REQUIREMENT - Once the line containing "SBS Fékbetétek Sbs" is found in the entries below, reproduce it and every line after it, stopping at and including the line containing "-韩慕婚纱摄影(九亭店)"; reproduce nothing else, and keep each line exact.

EXTRACTED RECORDS -
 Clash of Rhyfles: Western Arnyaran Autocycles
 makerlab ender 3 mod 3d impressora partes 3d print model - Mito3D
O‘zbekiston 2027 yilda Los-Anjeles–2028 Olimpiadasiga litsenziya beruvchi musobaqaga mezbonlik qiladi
--
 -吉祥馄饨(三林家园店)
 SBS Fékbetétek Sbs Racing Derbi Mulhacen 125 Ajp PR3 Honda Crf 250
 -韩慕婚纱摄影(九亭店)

EXERCISE ANSWER -
 SBS Fékbetétek Sbs Racing Derbi Mulhacen 125 Ajp PR3 Honda Crf 250
 -韩慕婚纱摄影(九亭店)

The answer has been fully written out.